Trump team eyes legal, political Hail Marys as options for comeback fade


President Donald Trump is clamoring to avoid his electoral demise, and it appears his options have nearly dwindled to none.

But with his campaign insistent that the race isn’t over, despite increasingly insurmountable hurdles, the president’s allies have begun eyeing draconian maneuvers to resuscitate his fortunes and stave off the possibility of a one-term presidency.

“Joe Biden should not wrongfully claim the office of the President. I could make that claim also,” Trump tweeted Friday evening, even after he had already made the dubious claim a day earlier. “Legal proceedings are just now beginning!”

Trump’s options are limited and extraordinarily unlikely to succeed. But here’s a look at the potential Hail Marys that Trump’s campaign is undertaking in court, as well as the even more far-fetched options his supporters have urged him to consider.

Litigate to block late-arriving mail ballots and ballot “curing”

Most of the initial wave of election-related litigation that has an actual chance of directly affecting vote counting takes aim at late-arriving absentee ballots and at a practice known as “curing,” in which voters can visit elections offices to fix problems with absentee ballots or issues related to in-person voting, such as failing to bring an ID.

A Republican congressional candidate in suburban Philadelphia filed a federal court lawsuit earlier this week over curing, but it got a skeptical reception from a judge and the candidate abruptly dropped it on Thursday.
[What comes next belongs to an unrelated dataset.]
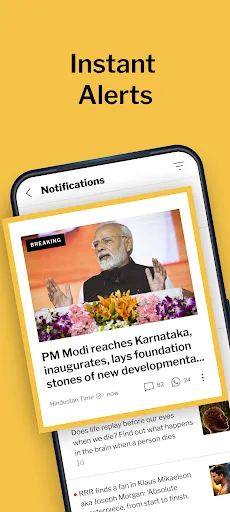 Screenshot di Dailyhunt Xpresso News Cricket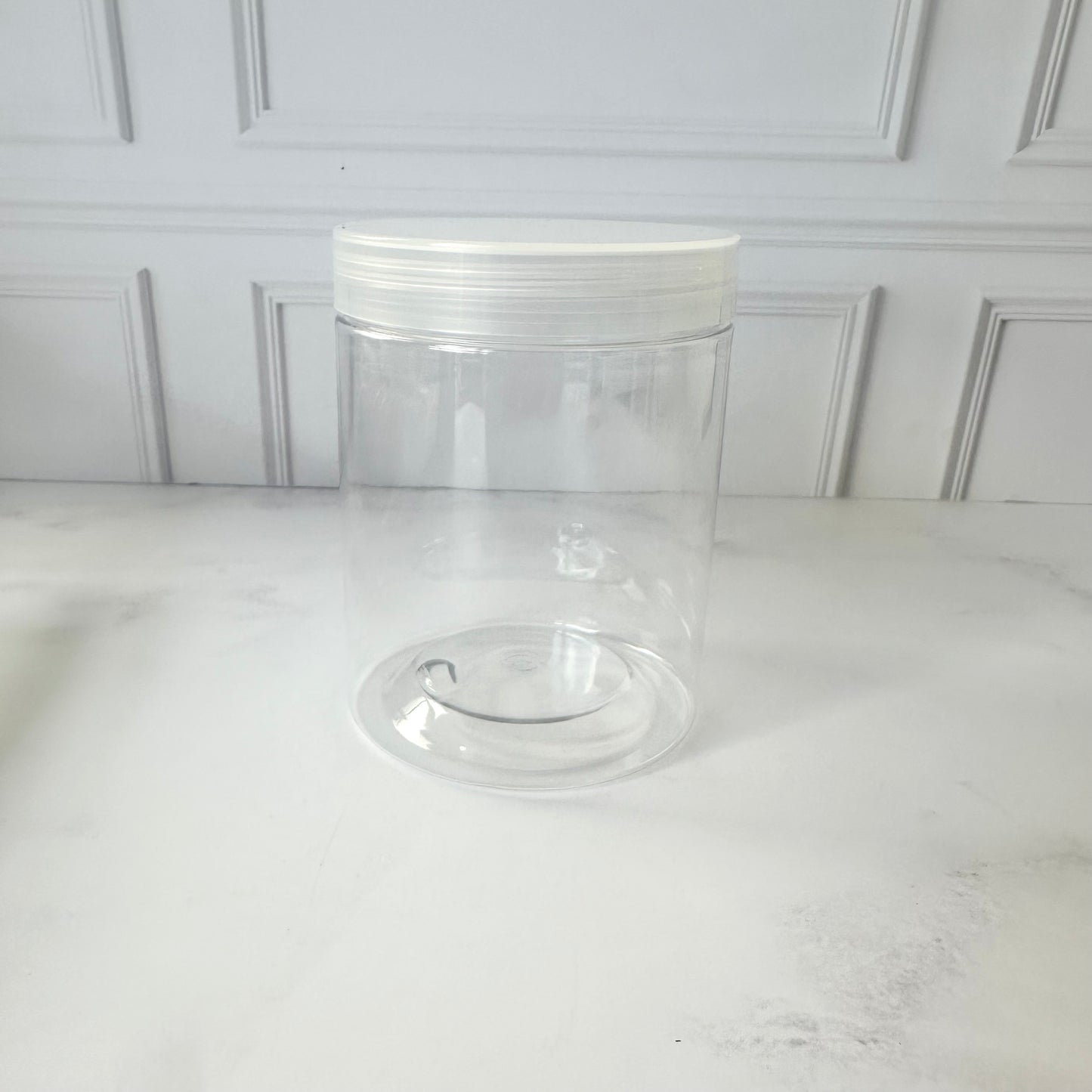 Jar plástico transparente 500 ml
Lawyers say she will leave resolution of the issue to the Pennsylvania state courts. One state judge issued a ruling on Thursday that suggested the practice wasn’t prohibited by law, but an appeals judge on Friday ordered all such ballots segregated pending further litigation.

Litigation over late-arriving ballots faces an uphill battle for multiple reasons. The arguments are a bit stronger in places like Pennsylvania, where a three-day extension was ordered by a court rather than by the state legislature. The issue of the authority of state courts and officials to make those changes is the subject of two Republican petitions pending before the U.S. Supreme Court. The Trump campaign has moved to join in that effort, but the Supreme Court declined to act in advance of the election. Even if a majority of the justices ultimately agree with the GOP arguments there, it is far from the clear that most justices would be willing to invalidate ballots that voters mailed while believing they would be counted even if they arrived after Election Day.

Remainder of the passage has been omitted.